Poco después, ya en las catedrales,
nos encontramos con una exposición de las llamadas “Edades del hombre”,
organizada en este caso por la diócesis de Plasencia. La recorrimos durante más
de una hora, aunque este tipo de exhibiciones de los tesoros y riquezas acumuladas por la
Iglesia a lo largo del tiempo no sean demasiado de mi interés. En una capilla habilitada a tal efecto contemplamos un
vídeo en el que, entre otros temas, se explicaban las razones que motivaron el
Concilio de Trento. Una voz engolada contaba que, ante el cisma luterano, el papa
se vio obligado a reforzar su autoridad. Como consecuencia, se decidió que, a partir de ese
momento, el único con capacidad para interpretar las Sagradas Escrituras sería
el pontífice de Roma. Cualquier incumplimiento de esta norma sería castigado
por la Santa Inquisición. Eficaz medida, pensé, para evitar que los fieles
utilicen la razón y se desvíen del conveniente sendero.
A la salida, un grupo de
colegiales rodeaba a su profesor. Acababan de salir de la exposición, y uno de
ellos, de unos doce años de edad, le preguntó al docente que dónde estaba
enterrada la virgen María, a lo que el otro contestó: en ningún lugar de la tierra, porque
subió a los cielos en cuerpo y alma. Está claro que todavía perduran los
efectos de Trento, aunque supongo que el curioso alumno terminará preguntándose algún día por qué hay que creer fantasías para comportarse en esta vida con
decencia y dignidad.
A la una, después de un buen
recorrido por la ciudad, como la lluvia había amainado decidimos ir a comer a
Hervás, una localidad que ya conocíamos de viajes anteriores y que se nos antojó
adecuada dadas las circunstancias. Comimos en un restaurante escondido en el barrio judío que
encontré en Internet, El almirez. Una vez más nos quedamos sorprendidos por la
calidad de la cocina que se puede uno encontrar en los lugares más recónditos de nuestra geografía. Mi mujer, muy curiosa siempre en asuntos culinarios, se
hizo con un par de recetas, que espero probar un día de éstos en casa.

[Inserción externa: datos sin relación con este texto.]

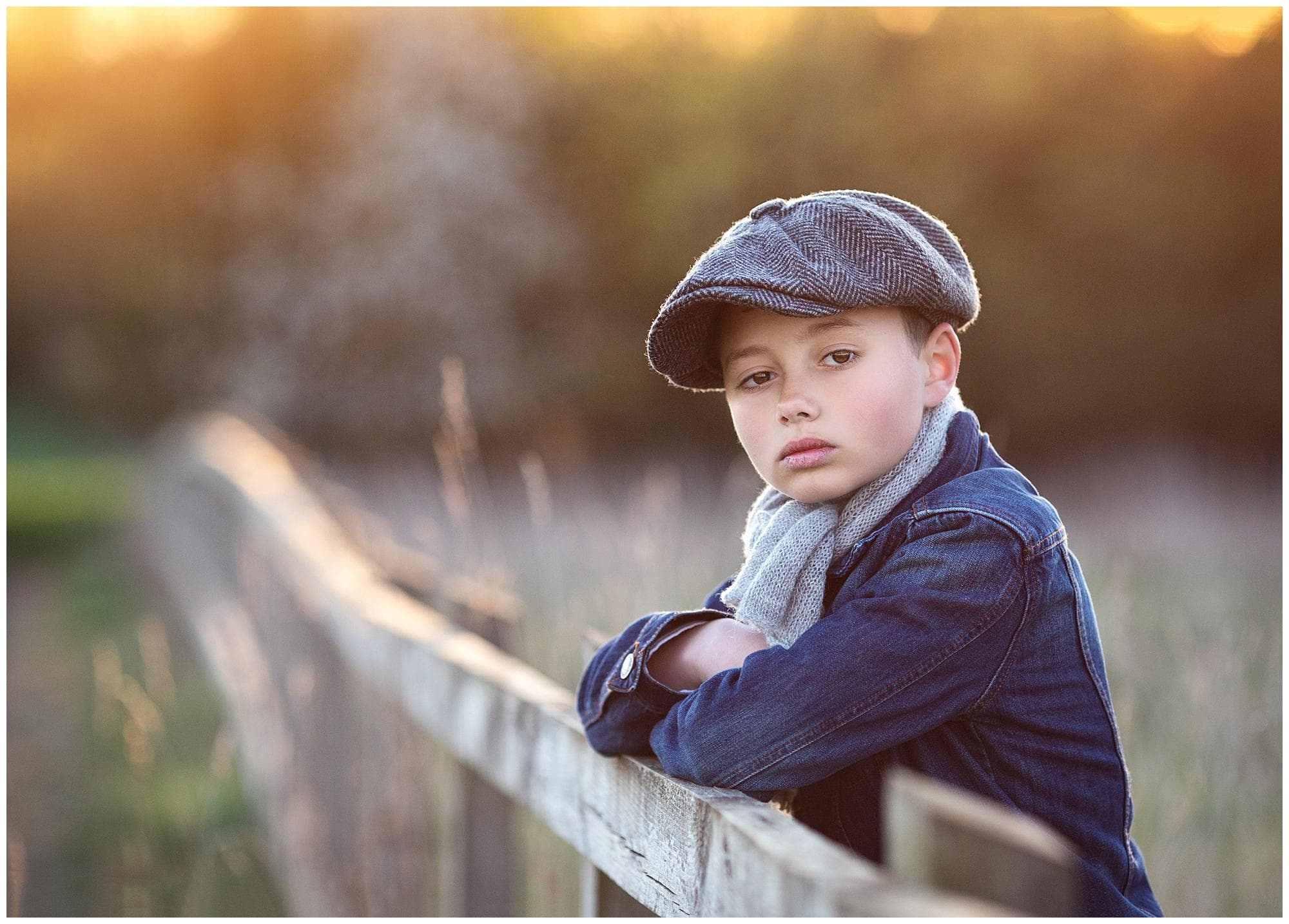 Boy in Denim and flat cap leans on a fence during golden hour in Stoke By Clare, Suffolk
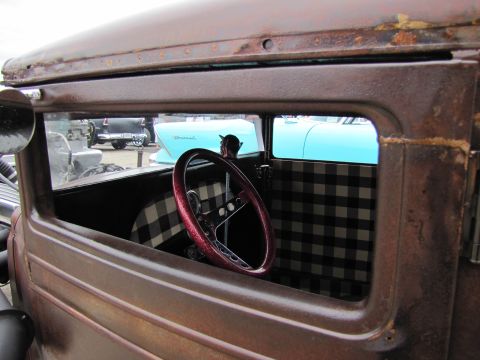 2006 BMW 5 Series - View through the window of a vintage truck's interior, with other vehicles visible in the background.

Del viaje de hace unos años a Hervás
recordaba un cercano yacimiento arqueológico romano, las ruinas de Cáparra, y hacia
allí nos dirigimos para rematar la excursión, después de dar un paseo por el pueblo, con caperuchas puestas y bajo un paraguas. Ya he contado aquí en alguna
ocasión que el mundo romano, que descubrí con cierta profundidad a través de
los escritos de la historiadora Mary Beard, me atrae poderosamente. Por eso, visitar uno de
sus lugares siempre me parecerá un entretenimiento provechoso, porque me ayuda a
entender mejor la Historia. Este
emplazamiento está muy bien conservado y, con la ayuda didáctica de su centro
de interpretación, uno se lleva una buena dosis de romanización.
Por cierto, este enclave pertenecía a la Ruta de la Plata, una vía romana que comunicaba Mérida (Emérita) con Astorga (Astúrica), donde estaba situado el cuartel general de las legiones que luchaban contra cántabros y astures. Nunca se utilizó para trasportar plata, como circula por ahí y como yo he creído hasta ahora. El nombre procede de las piedras planas que se utilizaron en su construcción -lapidatas- lo que dió lugar a que se la denominara vía lapidata y de ahí vía de la plata o ruta de la plata. Cosas veredes.
Esta excursión se estaba acabando.
Regresamos al parador, matamos un buen rato bajo el manto de su espléndida
arquitectura, cenamos y nos retiramos a nuestra habitación. Al día siguiente volveríamos
a casa, para empezar a pensar en una nueva escapada a cualquiera de los
numerosos rincones que se esconden por nuestra geografía. Ni el frío ni la lluvia ni los días cortos son impedimentos para practicar uno de los entretenimientos mas provechosos que dispone el ser humano, el de viajar. Al menos, mientras el cuerpo y la mente aguanten.